**PROBLEM REQUIREMENTS:** Would you output the listing exactly, with every image omitted?

**DATA:**

===============

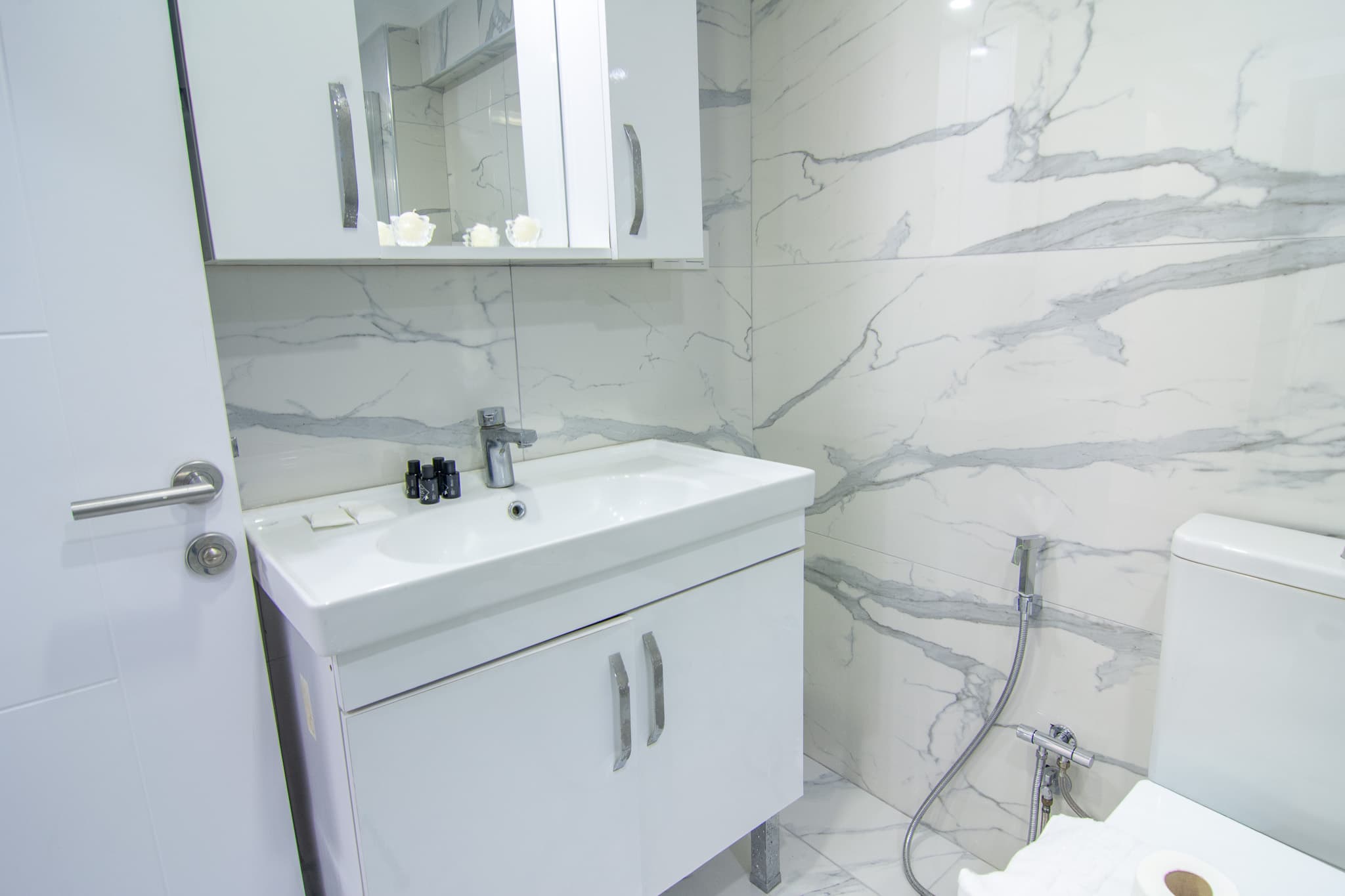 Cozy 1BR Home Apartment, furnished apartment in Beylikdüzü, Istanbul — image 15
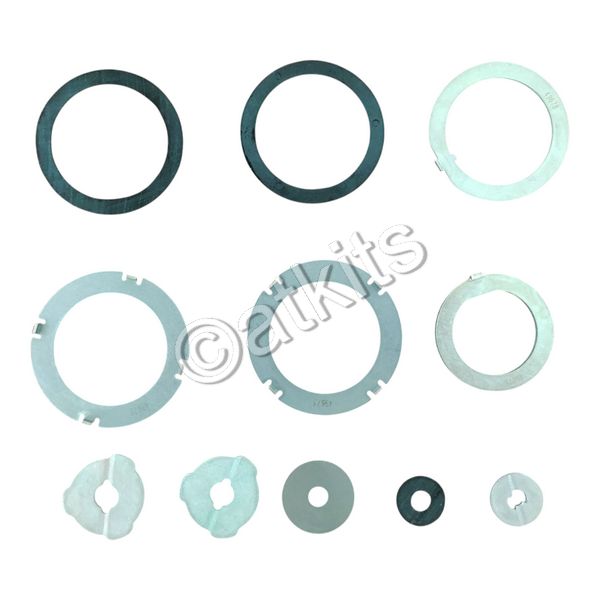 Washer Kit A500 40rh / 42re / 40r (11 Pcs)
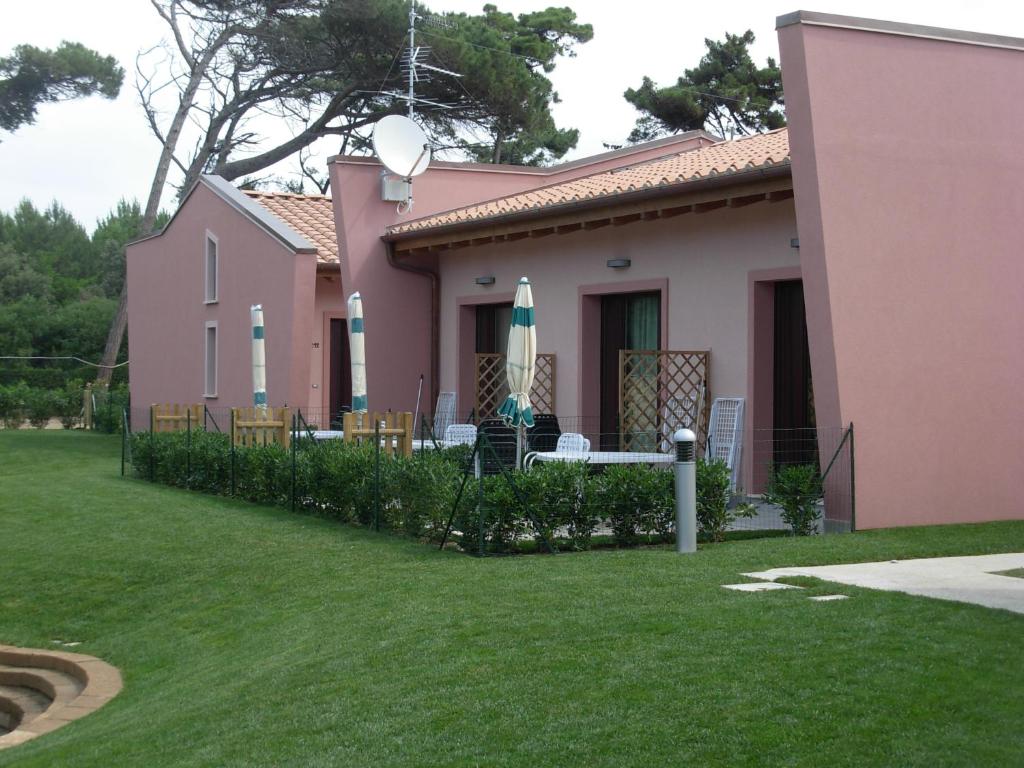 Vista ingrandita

===============

**SOLVED PROBLEM:**
 Cozy 1BR Home Apartment, furnished apartment in Beylikdüzü, Istanbul — image 15
 Washer Kit A500 40rh / 42re / 40r (11 Pcs)
 Vista ingrandita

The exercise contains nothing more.